- _Problem to work on_
Repeat all entries word for word; skip images.

# # # #

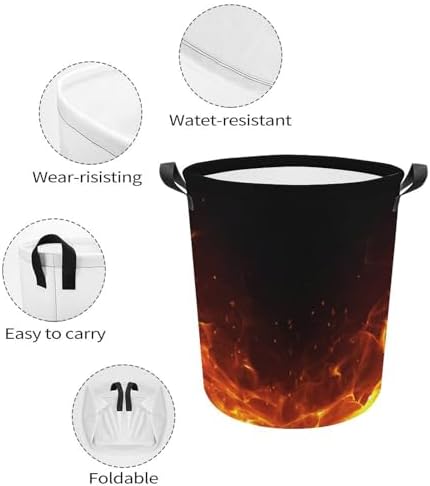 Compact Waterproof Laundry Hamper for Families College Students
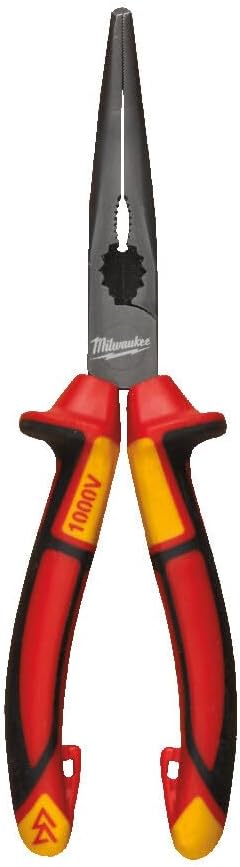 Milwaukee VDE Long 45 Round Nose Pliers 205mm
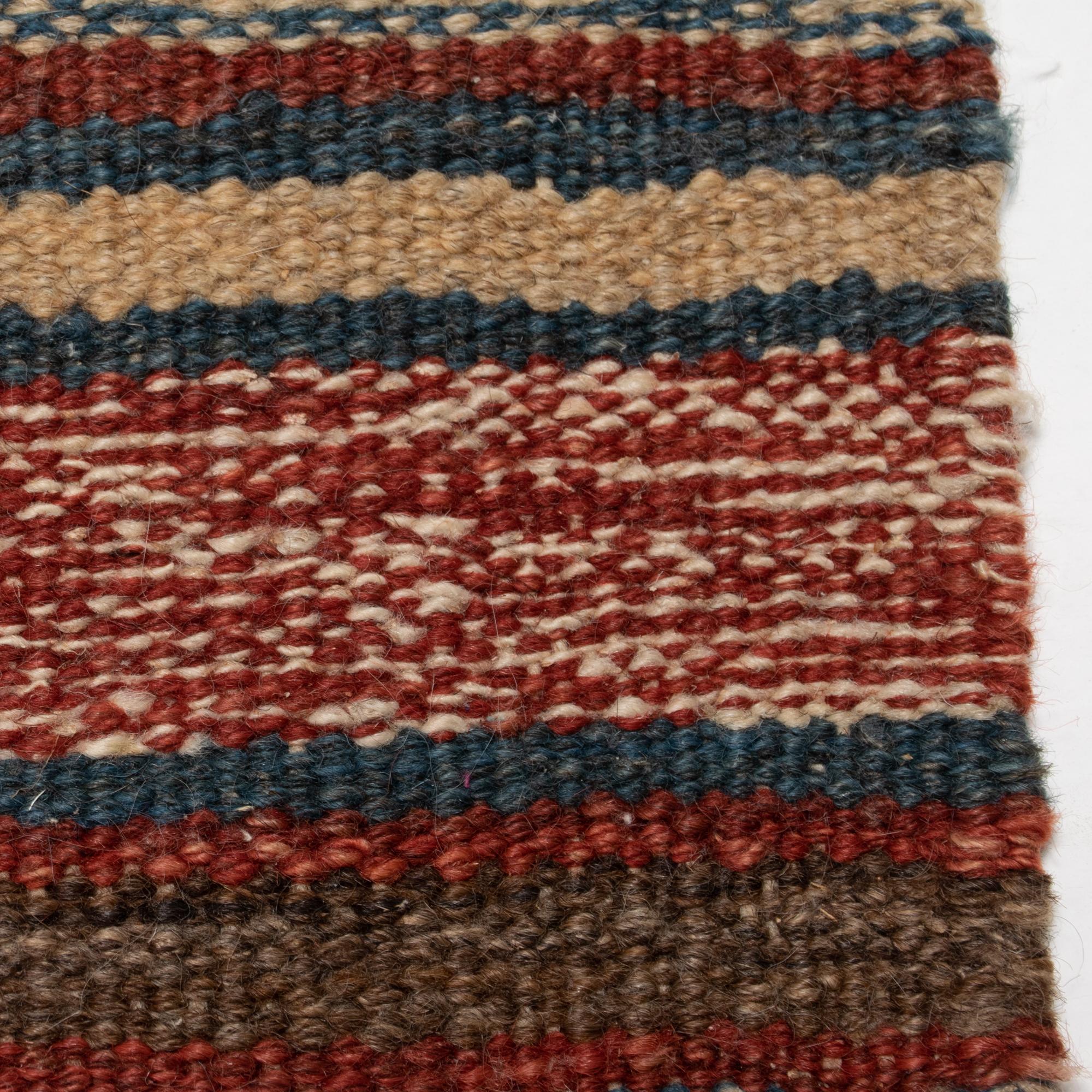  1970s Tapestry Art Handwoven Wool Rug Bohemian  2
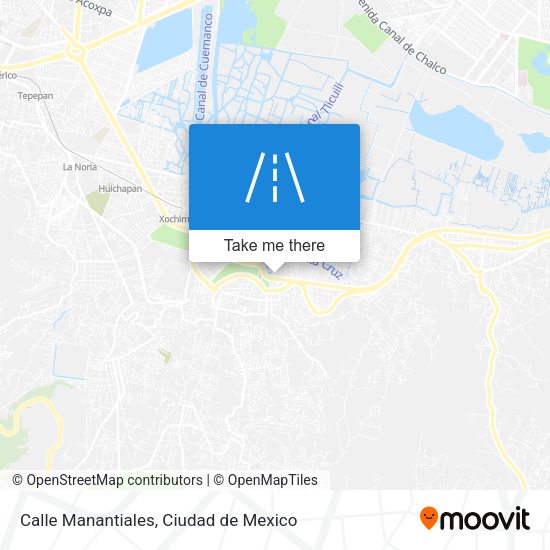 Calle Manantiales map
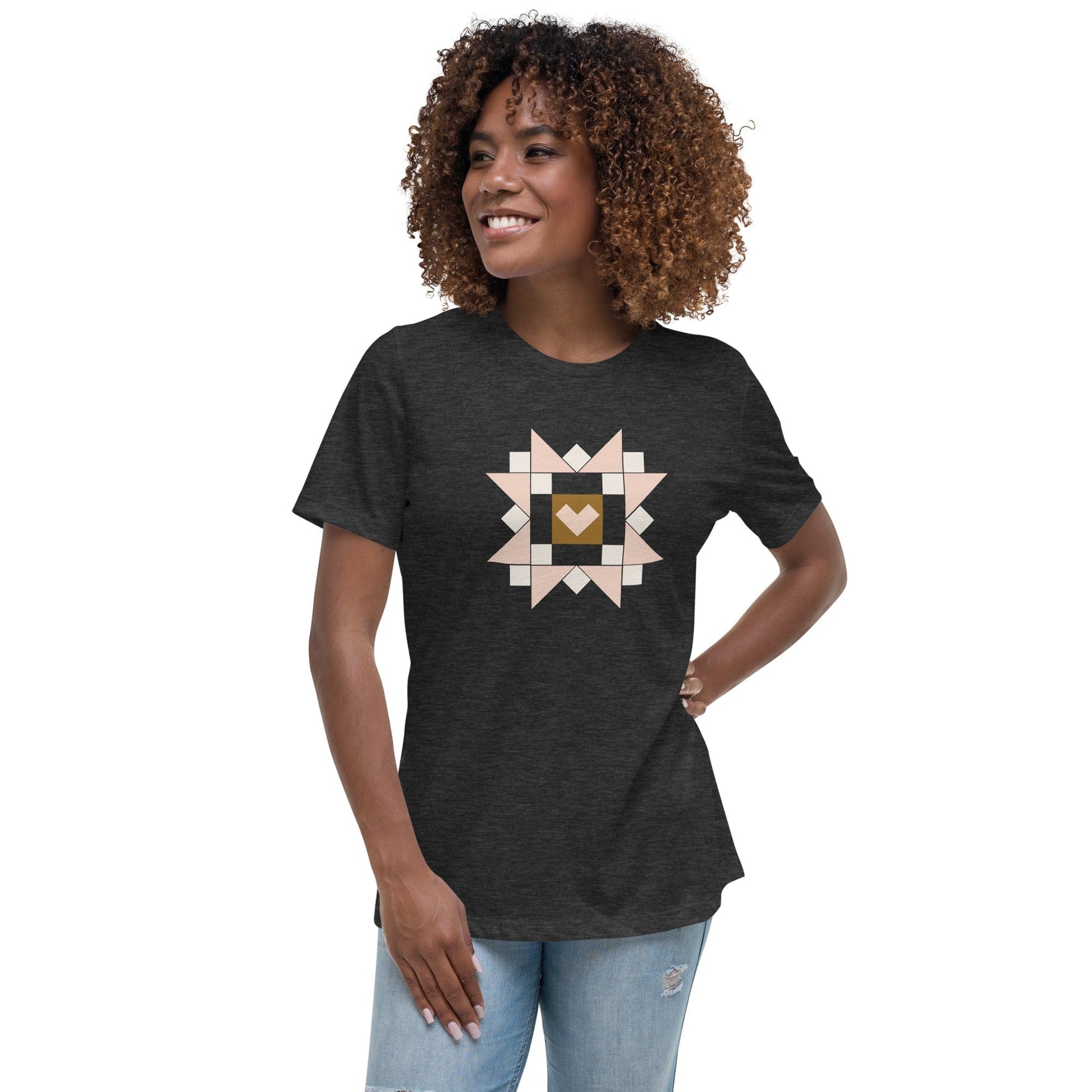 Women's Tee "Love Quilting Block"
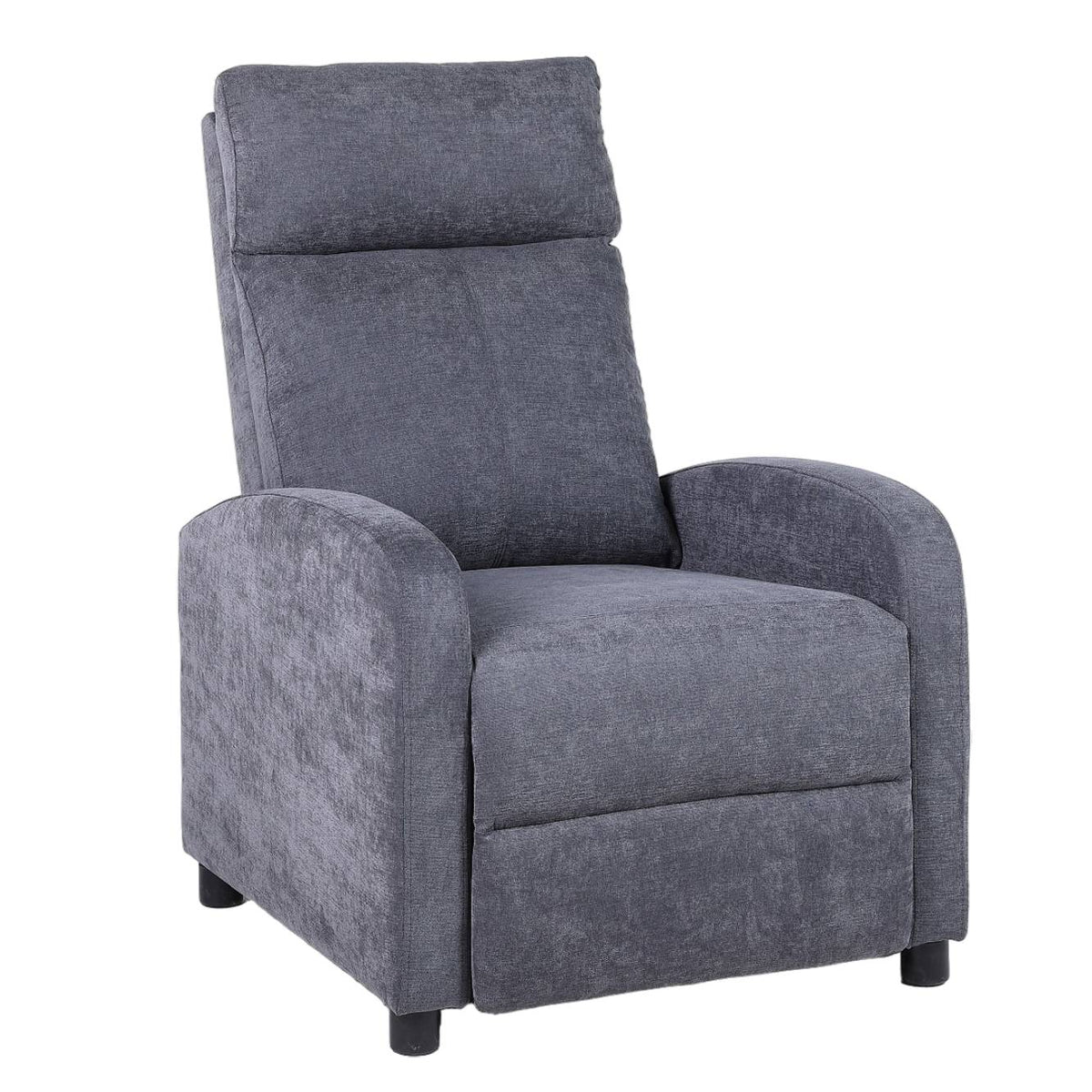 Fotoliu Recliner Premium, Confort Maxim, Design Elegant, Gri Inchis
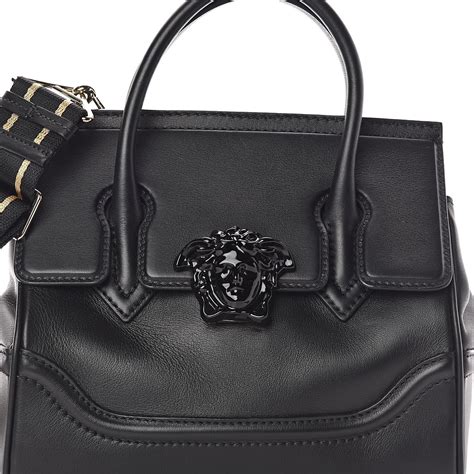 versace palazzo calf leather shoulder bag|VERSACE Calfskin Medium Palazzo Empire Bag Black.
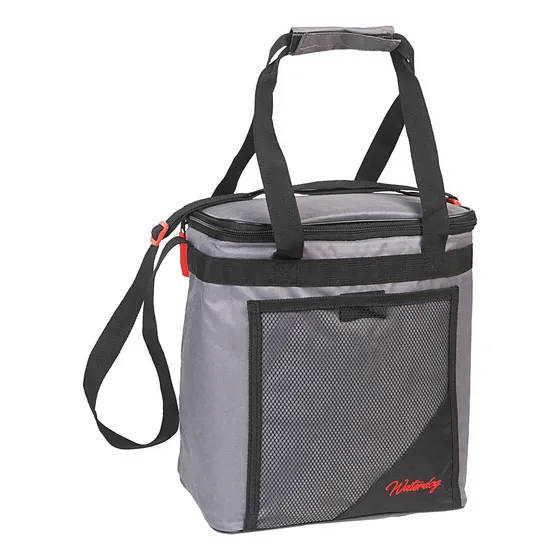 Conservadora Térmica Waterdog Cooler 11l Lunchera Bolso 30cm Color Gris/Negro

# # # #

- _Output of the exercise_
 Compact Waterproof Laundry Hamper for Families College Students
 Milwaukee VDE Long 45 Round Nose Pliers 205mm
  1970s Tapestry Art Handwoven Wool Rug Bohemian  2
 Calle Manantiales map
 Women's Tee "Love Quilting Block"
 Fotoliu Recliner Premium, Confort Maxim, Design Elegant, Gri Inchis
 versace palazzo calf leather shoulder bag|VERSACE Calfskin Medium Palazzo Empire Bag Black.
 Conservadora Térmica Waterdog Cooler 11l Lunchera Bolso 30cm Color Gris/Negro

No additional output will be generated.